作者
Ali Askari,Sumedha Kota,Hailey Ferrell,Shriya Swamy,Kayla S. Goodman,Christine C. Okoro,Isaiah C. Spruell Crenshaw,Daniela K. Hernandez,Taylor E. Oliphant,Akshata A. Badrayani,Andrew D. Ellington,Gwendolyn M. Stovall
摘要
The deposited dataset is a snapshot of the data in the active and growing UTexas Aptamer Database, https://sites.utexas.edu/aptamerdatabase/. This dataset is a collection of aptamer data that has been extracted from the literature every year since the inception of aptamer selections and includes multiple aptamer sequences from a given paper (as opposed to just sequences with the tightest binding).

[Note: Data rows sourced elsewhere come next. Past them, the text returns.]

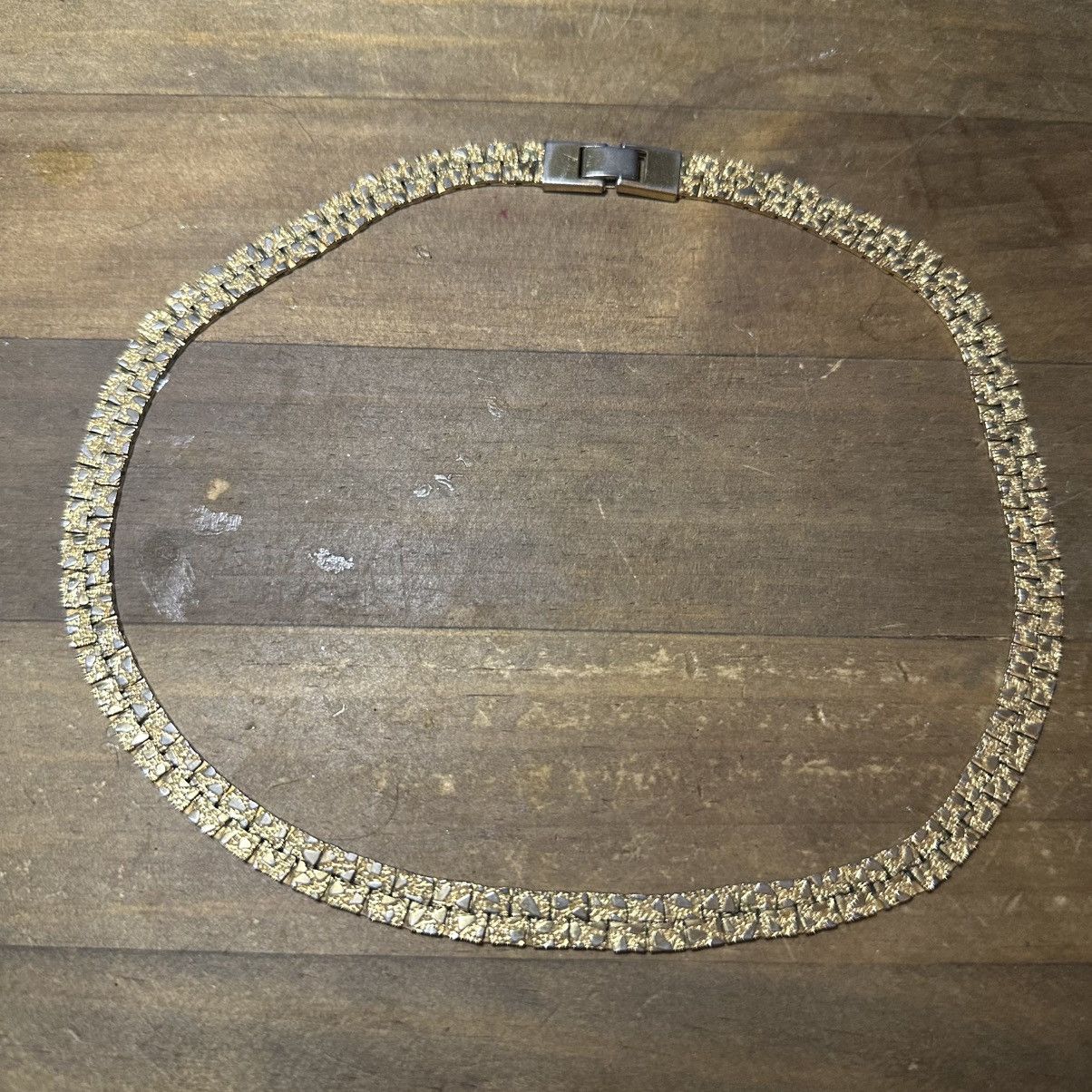 Vintage Vintage gold tone nugget chain necklace Size ONE SIZE - 3 Thumbnail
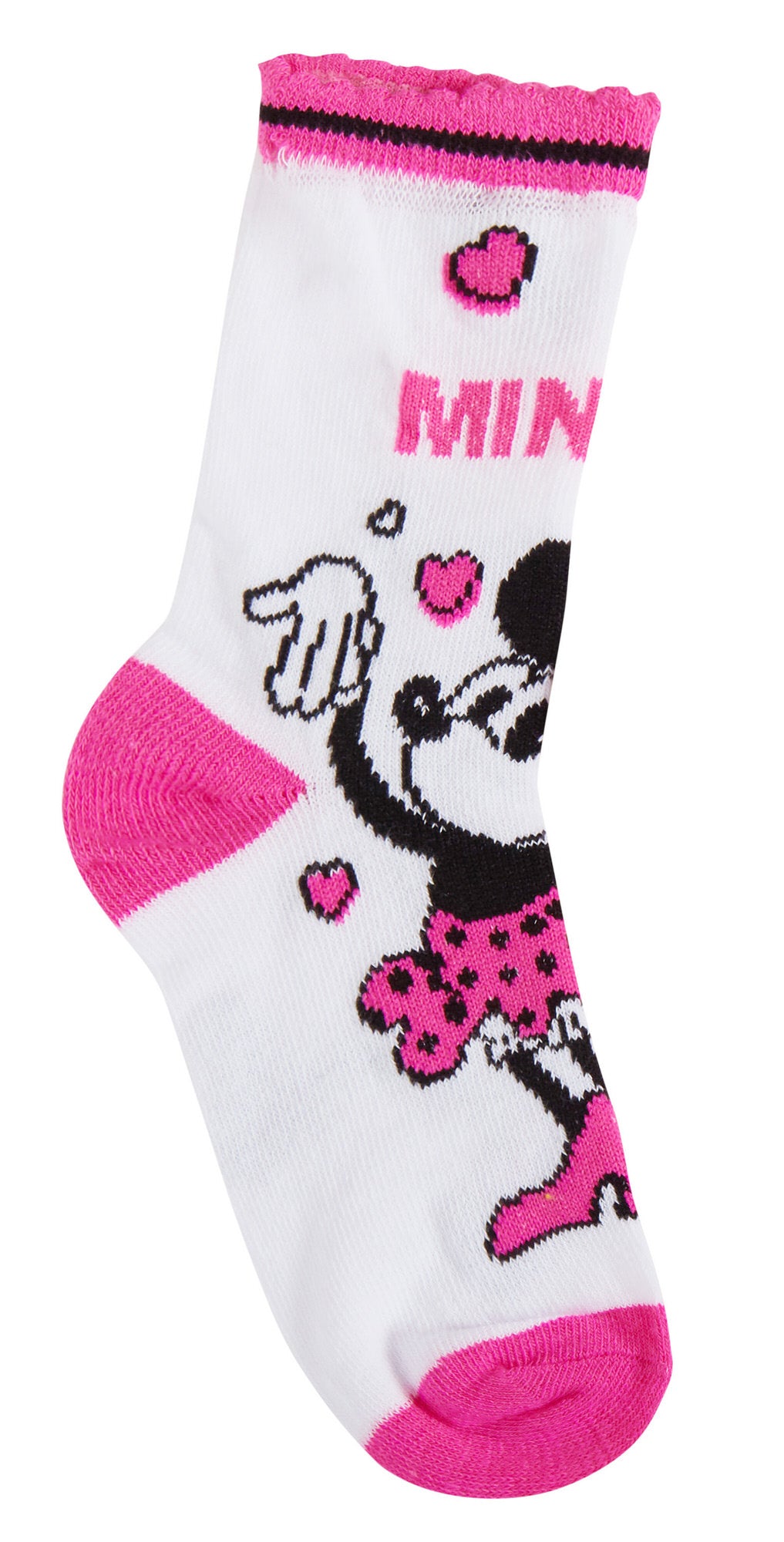 Minnie Mouse 3 Pack Socks Girls Disney Classics 100 Years Multipack Ankle Socks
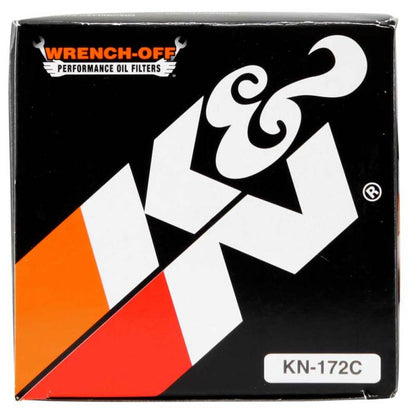 K&N Oil Filter Powersports Canister Chrome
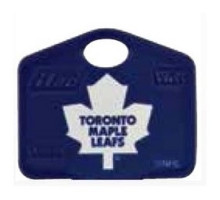 KABA ILCO CORP  SC1-NHL-MAPLE LEAFS A46               Decorative Key Blank, NHL Team Key, Schlage, Leafs Logo, SC1 Keyway, 46 Price Group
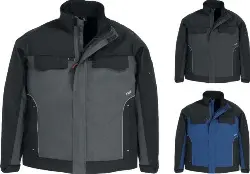 Produktfoto 1 von 130730-1120-L Arbeitsjacke Twill-ERNST, L grau/schwarz - FHB -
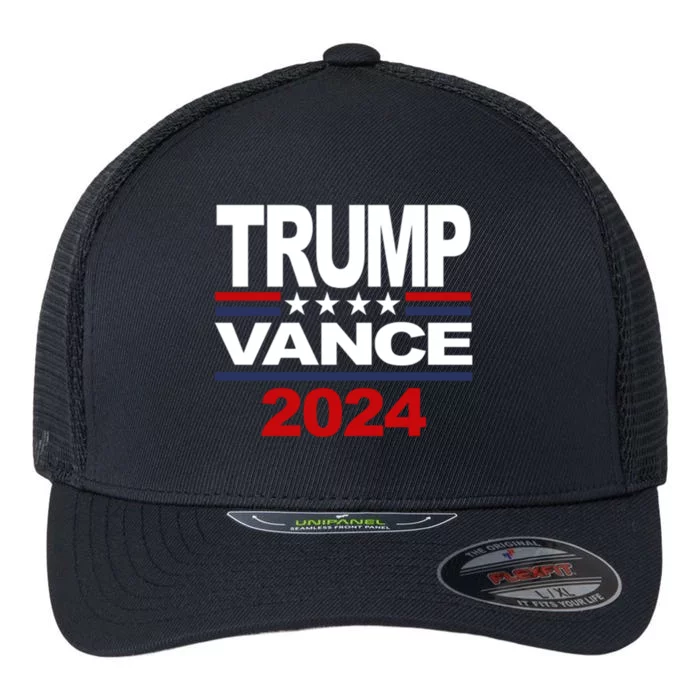 2024 Trump Vance Presidential Election Flexfit Unipanel Trucker Cap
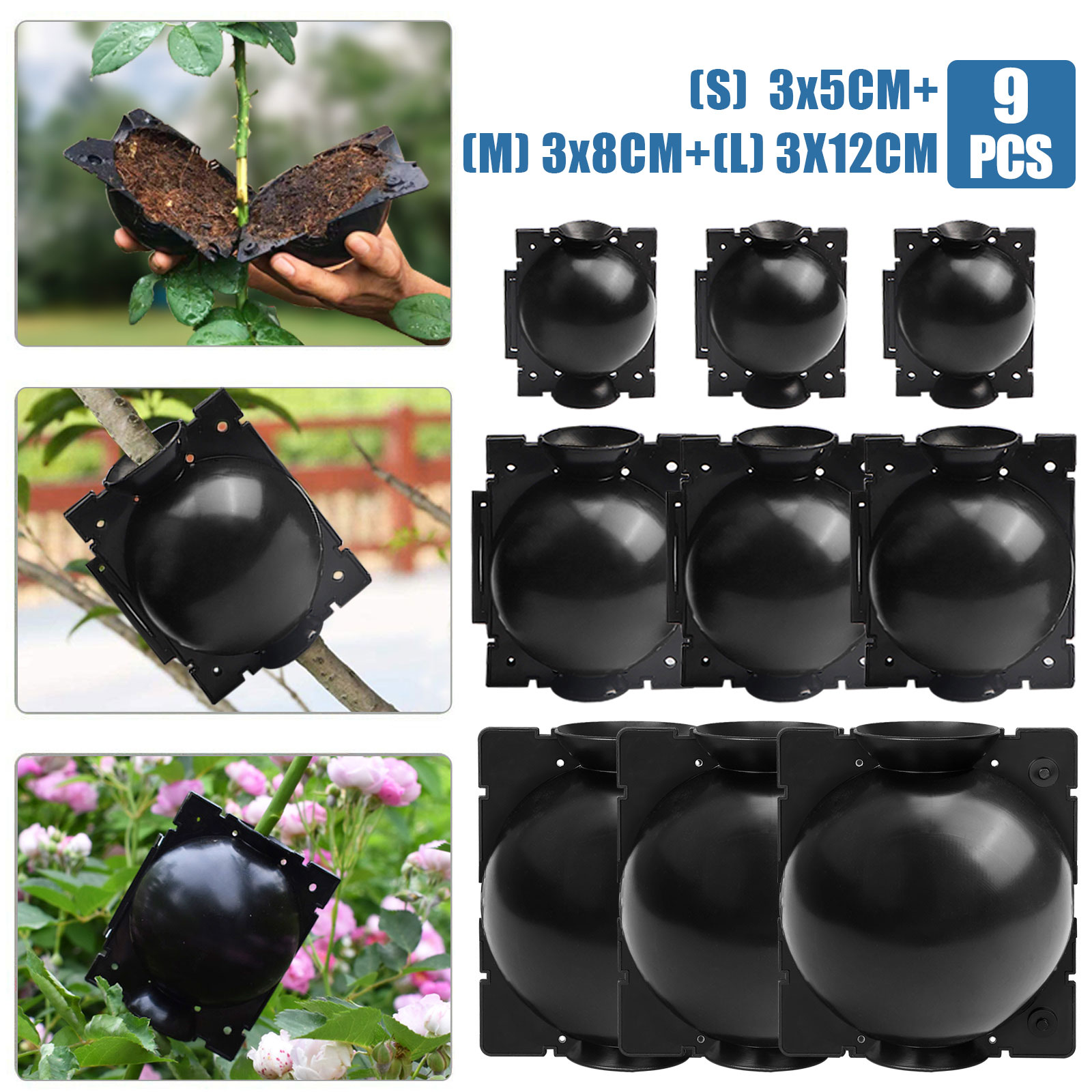 10/20X Plant Rooting Device High Pressure Propagation Ball Graft Box ...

In all, the collection includes 1,415 aptamer sequences from 489 papers published over the last few decades (1990-2022). Since our dataset includes multiple sequences that emerged from a given selection experiment, it of necessity includes sequences that may not have been individually tested for binding activity, similar to the inclusion of all rRNA sequences in a metagenomic analysis of an environmental sample. By taking this metagenomic approach, we provide informaticians with a much wider range of sequences for subsequent analysis while still providing tools to find high-affinity aptamers for future use. For each aptamer sequence, the dataset includes information about the aptamer publication (i.e., year of publication, DOI, full citation, and corresponding author(s)), the aptamer target, as well as the following information about the specific aptamer: nucleic acid composition, name assigned in the original publication, sequence, GC percentage, sequence length, binding affinity (Kd), binding/selection buffer, application as quoted in the referenced paper (e.g., drug delivery, biosensor, etc.), original nucleic acid pool used in the aptamer selection, post-selection modifications (if any), additional information, and our internally assigned serial number. We used simple Excel formulas for each aptamer record to calculate the GC content and length of each aptamer sequence. 1.1.0 Version: Added 25+ aptamer sequences. Added the "Parent sequence serial number" data field/column. Fixed "Application as quoted in the referenced paper" data formatting/alignment error.